Verzoeker betoogt dat hij in Algerije geen toegang zal hebben tot de medische behandeling die hij nodig heeft om een medische noodsituatie op korte termijn te voorkomen. Verweerder stelt dat hij, als een vreemdeling zijn identiteit niet heeft aangetoond, gemotiveerd mag afzien van een toets aan de feitelijke toegankelijkheid tot de benodigde medische behandeling in het land van terugkeer.
De voorzieningenrechter is van oordeel dat het strikt uitvoeren van dit beleid in het specifieke geval van verzoeker onevenredig is. Als de voorzieningenrechter het verzoek afwijst, zal verzoeker de opvang moeten verlaten, wordt de medische behandeling die hij nu krijgt gestaakt en valt op voorhand niet uit te sluiten dat hij bij terugkeer in een situatie terechtkomt die in strijd is met artikel 3 van het EVRM.

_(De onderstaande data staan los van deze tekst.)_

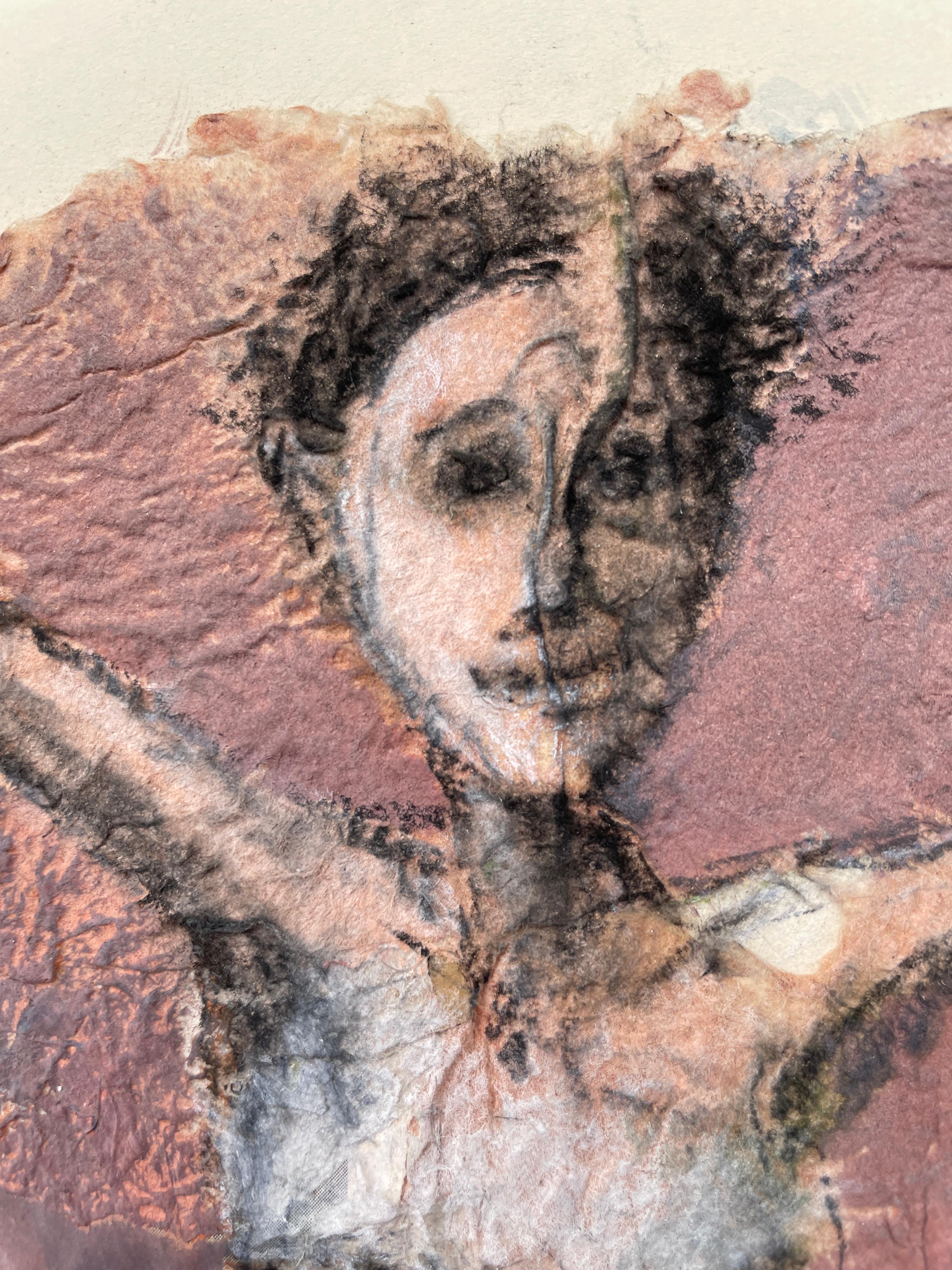 <p>Artist Comments<br>A dancing lady throws her arms in the air with fervor in artist Libby Ramage's mixed-media piece. The work expresses the exuberance of a young girl in a flowing white dress. The uneven edges of the handmade paper and the laced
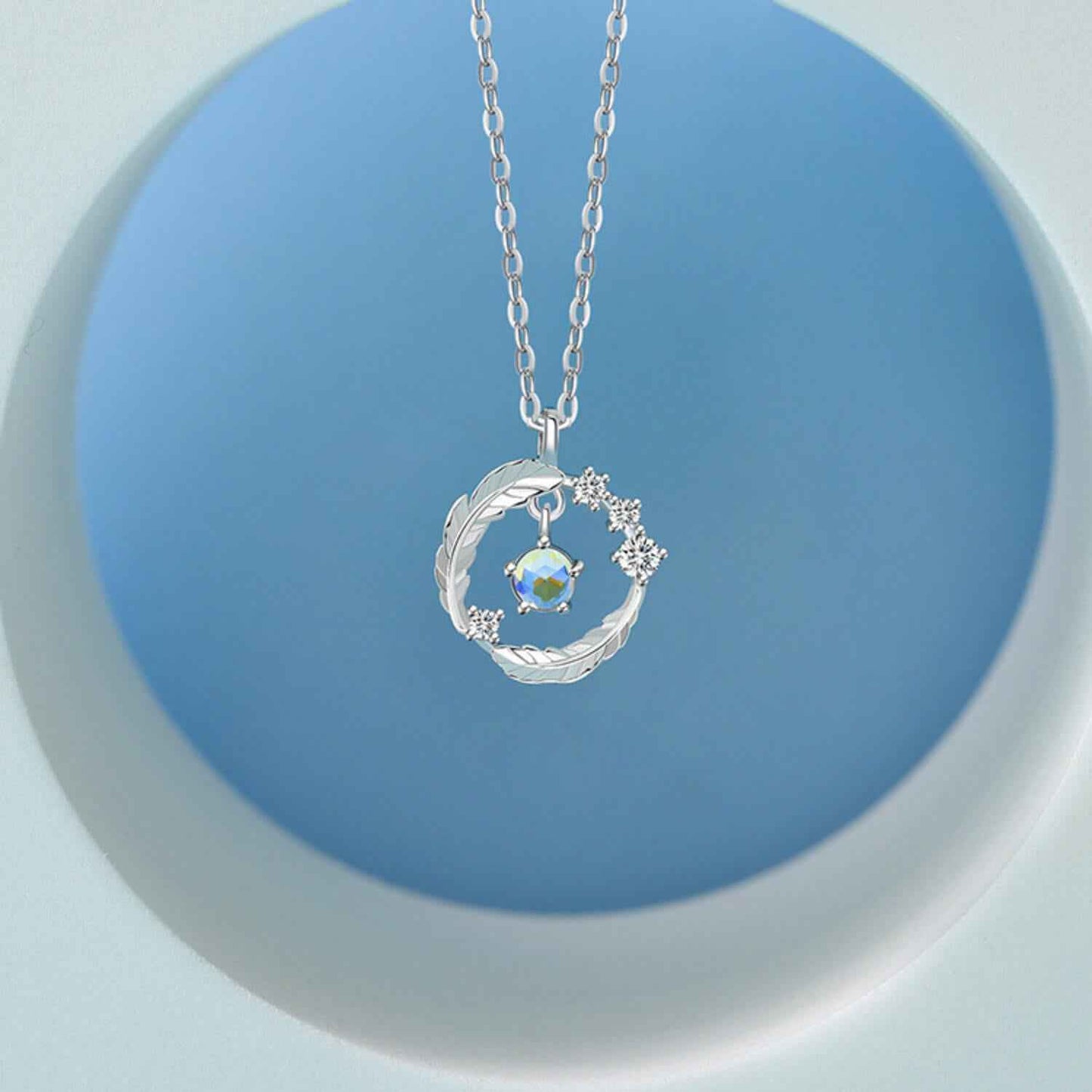 Moonstone Feather Pendant Necklace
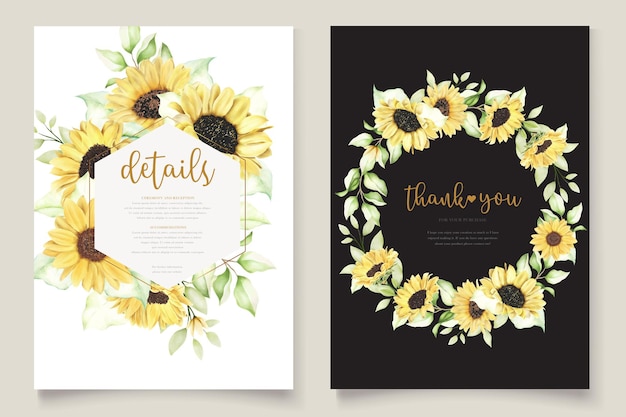 Free Vector watercolor sunflowers wedding invitation card set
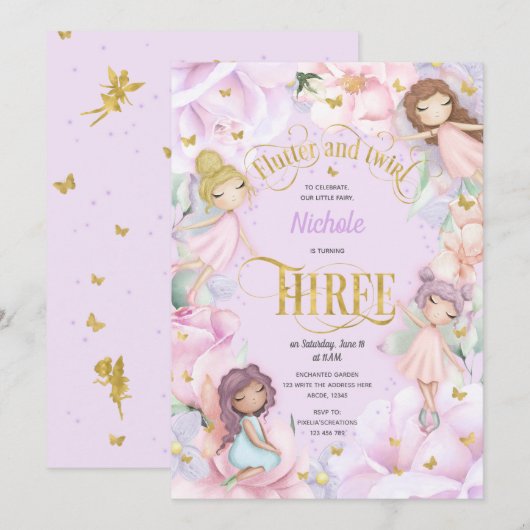 Tuinfee met roze paarse bloem, derde verjaardag kaart (Voorkant / Achterkant)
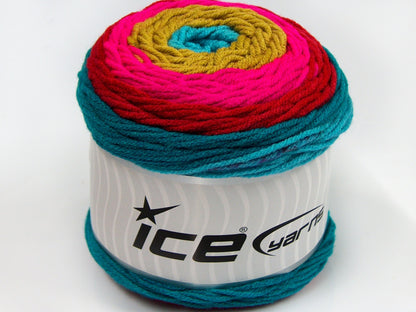 Lot of 2 x 200gr Skeins Ice Yarns CAKES COLOR Yarn Olive Green Red Pink Turquoise Shades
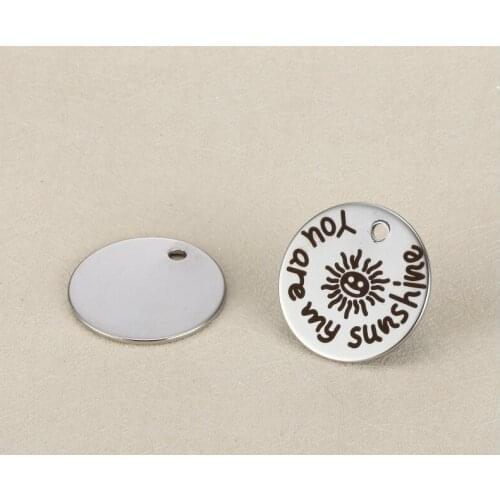 20pcs/lot 22mm New Arrival Stainless Steel Lovers Message Charms "You Are My Sunshine" For Diy Jewellery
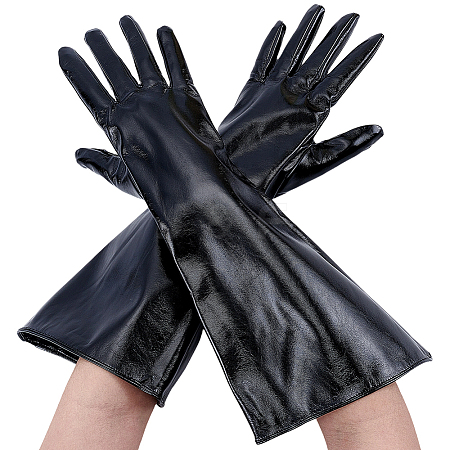 1 Pair PU Leather Long Whole Finger Gloves AJEW-CL0005-12B-1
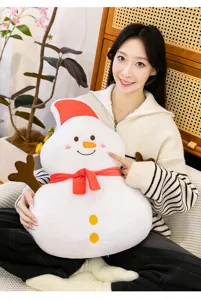 Cute Christmas snowman plush pillow detail view, soft cozy cushion toy for bed companion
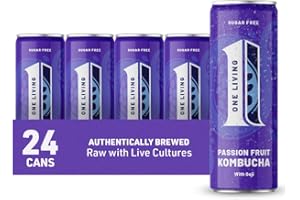 NO 1 LIVING One Living Kombucha Drink - Passion Fruit with Goji - 24 x 250ml Cans - Sugar Free, Great Tasting Authentically Brewed Kombucha with Live Cultures - Lightly Sparkling, 100% Natural, Vegan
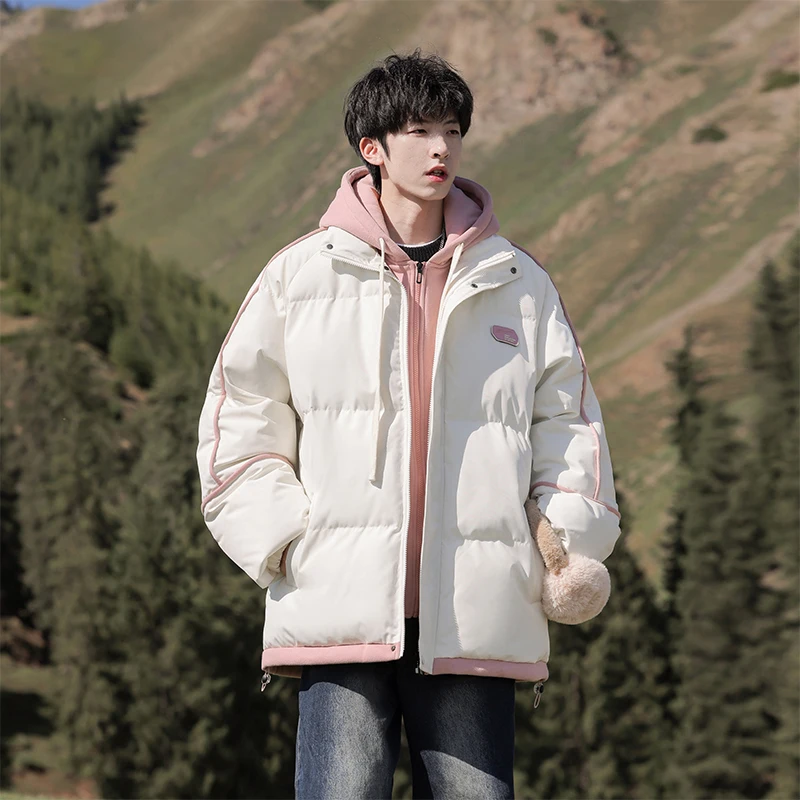 

Fashionable Teenagers Down Cotton-padded Jacket Hooded Coat Dopamine Student Loose Bread Jacket Winter Men Outdoor Warm Coat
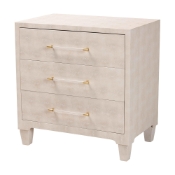 Baxton Studio Nira Modern Beige Faux Shagreen 3-Drawer Storage Cabinet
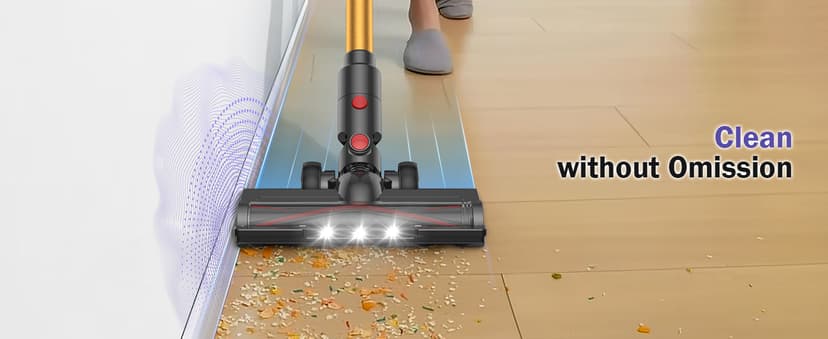 Cordless Vacuum Cleaner, 40Kpa Vacuum Cleaners for Home with LED Screen, 40Mins Stick Vacuum Cordless Rechargeable Dock, Handheld Vacuum Cleaner for Pet Hair, Carpet, Hardwood Floor, A40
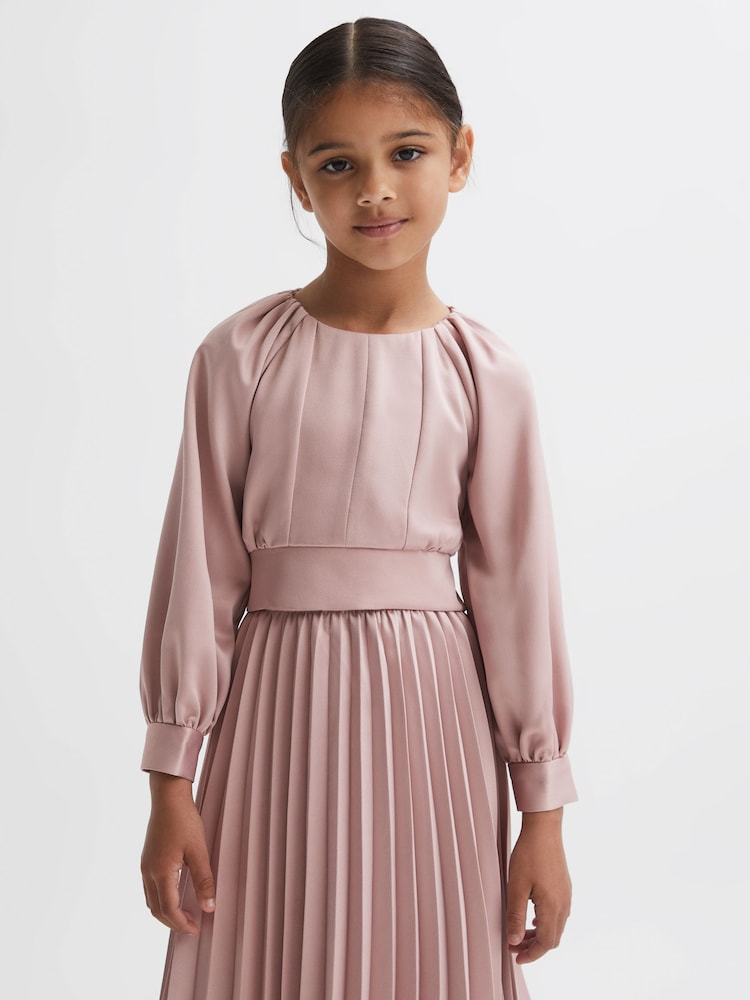Reiss Pink Molly 9-14 yrs Cropped Pleated Blouse - Image 1 of 6
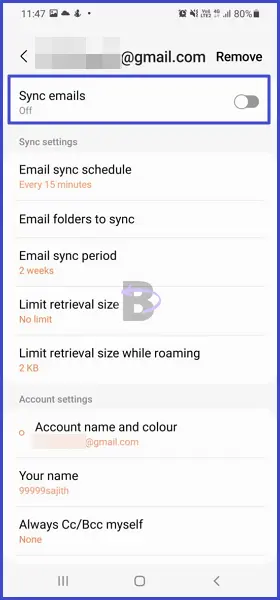 Sync emails samsung email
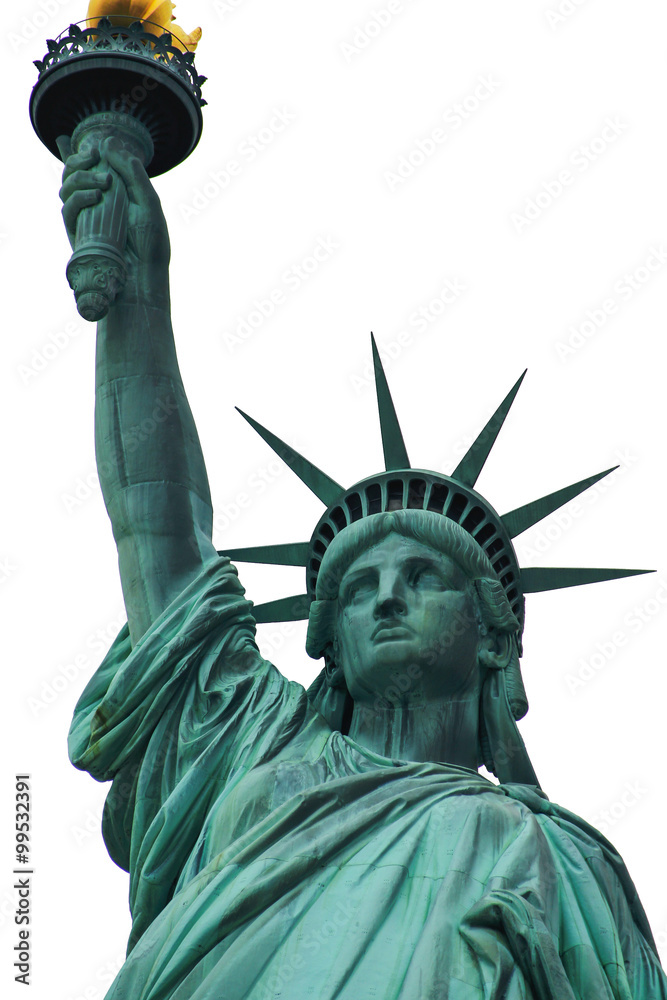Fototapeta premium Statue of liberty white isolated background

De voorzieningenrechter vindt het belang van verzoeker bij het toewijzen van het verzoek dan ook groter dan het belang van verweerder bij afwijzing van het verzoek. De voorzieningenrechter draagt verweerder verder op om de feitelijke toegankelijkheid in de beslissing op bezwaar te toetsen voor zover dat objectief mogelijk is. Hierbij is van belang dat het beleid ruimte laat om bepaalde aspecten te onderzoeken in het geval dat de identiteit niet aannemelijk is gemaakt. Verzoeker heeft in de gronden van bezwaar in ieder geval een en ander aangevoerd over de kosten van de medische behandeling en het gemiddeld inkomen in Algerije.